Jakarta (ANTARA) - Fenomena nihil serangan teroris di Indonesia pada 2023 layaknya teori gunung es. Tidak muncul di permukaan bukan berarti tidak ada pergerakan di bawah permukaan atau tidak terlihat.
Badan Nasional Penanggulangan Terorisme (BNPT) RI mengungkapkan di bawah permukaan terdapat peningkatan penguatan sel-sel terorisme yang ditunjukkan dengan semakin meningkatnya jumlah pelaku yang ditangkap dan jumlah penyitaan senjata, amunisi, maupun bahan peledak.

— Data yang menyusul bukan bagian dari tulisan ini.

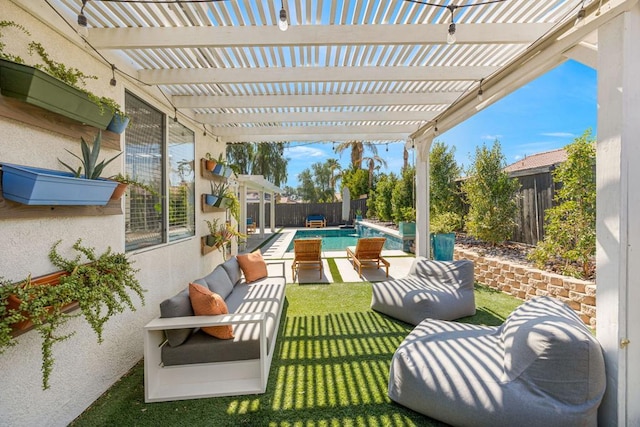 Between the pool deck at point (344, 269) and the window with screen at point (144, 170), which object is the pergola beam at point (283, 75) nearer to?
the window with screen at point (144, 170)

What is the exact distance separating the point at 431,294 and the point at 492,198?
3.87 metres

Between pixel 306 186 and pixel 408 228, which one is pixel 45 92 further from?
pixel 306 186

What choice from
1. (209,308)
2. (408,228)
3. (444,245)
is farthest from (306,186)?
(209,308)

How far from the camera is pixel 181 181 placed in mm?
4387

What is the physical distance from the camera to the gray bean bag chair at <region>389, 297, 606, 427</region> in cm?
182

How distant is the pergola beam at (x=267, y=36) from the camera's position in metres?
2.52

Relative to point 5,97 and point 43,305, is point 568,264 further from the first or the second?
point 5,97

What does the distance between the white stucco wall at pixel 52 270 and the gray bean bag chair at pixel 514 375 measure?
98.5 inches

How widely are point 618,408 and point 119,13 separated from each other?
4.59m

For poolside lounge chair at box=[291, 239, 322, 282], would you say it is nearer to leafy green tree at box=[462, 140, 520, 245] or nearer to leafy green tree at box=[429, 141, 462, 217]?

Benar saja, Detasemen Khusus (Densus) 88 Antiteror Polri bersama TNI sepanjang tahun 2023 mencokok 148 terduga teroris yang berasal dari kelompok Jemaah Islam Indonesia (JII) dan Jamaah Ansharut Daulah (JAD).
Selain itu, di bawah permukaan terjadi pula peningkatan pengumpulan dana bagi teroris dengan menggunakan berbagai cara dan memanfaatkan beragam momentum.
Proses radikalisasi di bawah permukaan pun terlihat meningkat, dengan menyasar perempuan, anak-anak, dan remaja sebagai kelompok yang paling rentan terpapar paham radikalisme.
Hal tersebut diperkuat dengan penelitian Indeks Potensi Radikalisme BNPT yang menunjukkan potensi terpapar lebih tinggi pada wanita, generasi muda, khususnya Gen Z umur 11 -- 26 tahun dan mereka yang aktif di Internet.
Penyebaran paham radikalisme kepada kelompok rentan itu dilakukan secara sistematis, masif, dan terencana dengan memanfaatkan jumlah penganut agama, memanipulasi berbagai simbol, dan atribut agama.
Radikalisme merupakan paham atau aliran yang menginginkan perubahan atau pembaharuan sosial dan politik dengan cara kekerasan dan menargetkan terjadinya perubahan drastis yang diinginkan.
Biasanya, orang-orang atau kelompok yang sudah terpapar radikalisme lebih mudah menjiwai aksi terorisme sehingga radikalisme bisa dikatakan sebagai cikal bakal fase menuju terorisme.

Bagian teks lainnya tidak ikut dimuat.